Tokyo et Manille ont annoncé la semaine dernière le lancement de pourparlers formels «pour délimiter la frontière maritime» de leurs zones économiques exclusives et du plateau continental. Mais Pékin a ensuite qualifié ces discussions d'"illégales» et a affirmé disposer d'une «zone économique exclusive et d'un plateau continental» dans les eaux concernées, à l'est de Taïwan, que la Chine considère comme son territoire.
Samedi, le ministère chinois des Transports a ordonné à la police maritime des provinces côtières du Guangdong et du Fujian de «mener une opération spéciale d'application de la loi maritime dans les eaux à l'est de l'île de Taïwan,» a rapporté l'agence Chine Nouvelle. L'agence n'a pas donné de détails sur l'opération, notamment sur sa durée ou si elle était toujours en cours.
«Une action nécessaire»
L'opération était «une action nécessaire entreprise en réaction à l'annonce unilatérale du Japon et des Philippines selon laquelle ils entameraient des 'négociations sur la délimitation d'une frontière maritime'» près de Taïwan, a ajouté Chine Nouvelle.
Les garde-côtes de Taïwan ont réagi dimanche en annonçant avoir déployé des navires dans le secteur «pour répondre de façon appropriée» à l'opération chinoise qui, selon Taipei, «viole la loi internationale». Taipei avait auparavant appelé Tokyo et Manille à l'inclure dans leurs pourparlers. Les Philippines et le Japon se sont rapprochés ces dernières années face aux revendications maritimes de la Chine les concernant.

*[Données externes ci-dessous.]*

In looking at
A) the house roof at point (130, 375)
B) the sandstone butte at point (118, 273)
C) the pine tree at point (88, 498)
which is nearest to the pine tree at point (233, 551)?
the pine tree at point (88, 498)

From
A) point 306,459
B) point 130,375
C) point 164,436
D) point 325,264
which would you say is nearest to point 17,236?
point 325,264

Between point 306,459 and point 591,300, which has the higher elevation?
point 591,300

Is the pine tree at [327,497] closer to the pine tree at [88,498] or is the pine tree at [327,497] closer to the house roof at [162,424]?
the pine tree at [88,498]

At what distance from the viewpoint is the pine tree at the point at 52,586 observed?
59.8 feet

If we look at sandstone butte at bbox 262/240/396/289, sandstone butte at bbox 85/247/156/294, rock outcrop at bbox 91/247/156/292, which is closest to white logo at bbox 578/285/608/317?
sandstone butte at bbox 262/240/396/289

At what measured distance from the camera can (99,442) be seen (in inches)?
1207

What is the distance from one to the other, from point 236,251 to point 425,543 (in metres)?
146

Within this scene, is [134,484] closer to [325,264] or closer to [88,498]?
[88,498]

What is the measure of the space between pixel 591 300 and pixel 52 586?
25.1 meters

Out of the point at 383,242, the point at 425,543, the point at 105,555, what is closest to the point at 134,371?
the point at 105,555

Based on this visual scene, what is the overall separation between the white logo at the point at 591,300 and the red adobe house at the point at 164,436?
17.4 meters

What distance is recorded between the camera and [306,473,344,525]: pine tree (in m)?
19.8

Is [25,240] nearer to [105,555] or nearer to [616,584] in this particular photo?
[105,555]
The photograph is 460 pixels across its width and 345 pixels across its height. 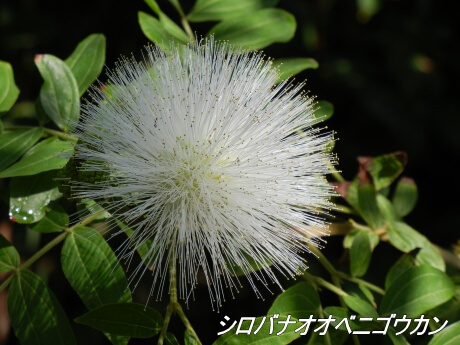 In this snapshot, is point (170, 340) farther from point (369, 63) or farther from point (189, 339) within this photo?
point (369, 63)

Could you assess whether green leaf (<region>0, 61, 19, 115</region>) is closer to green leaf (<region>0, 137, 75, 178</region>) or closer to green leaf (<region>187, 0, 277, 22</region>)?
green leaf (<region>0, 137, 75, 178</region>)

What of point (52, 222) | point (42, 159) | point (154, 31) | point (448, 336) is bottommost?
point (448, 336)

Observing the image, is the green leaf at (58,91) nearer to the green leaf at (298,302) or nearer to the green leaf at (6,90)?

Plusieurs différends territoriaux opposent Tokyo et Pékin en mer de Chine orientale, où des navires des garde-côtes des deux pays se livrent régulièrement à de dangereux face-à-face. Pékin a par ailleurs déployé des navires de la marine et des garde-côtes en mer de Chine méridionale, dans le but d'empêcher les Philippines d'accéder à des récifs et des îles d'importance stratégique, ce qui a conduit à une série de confrontations.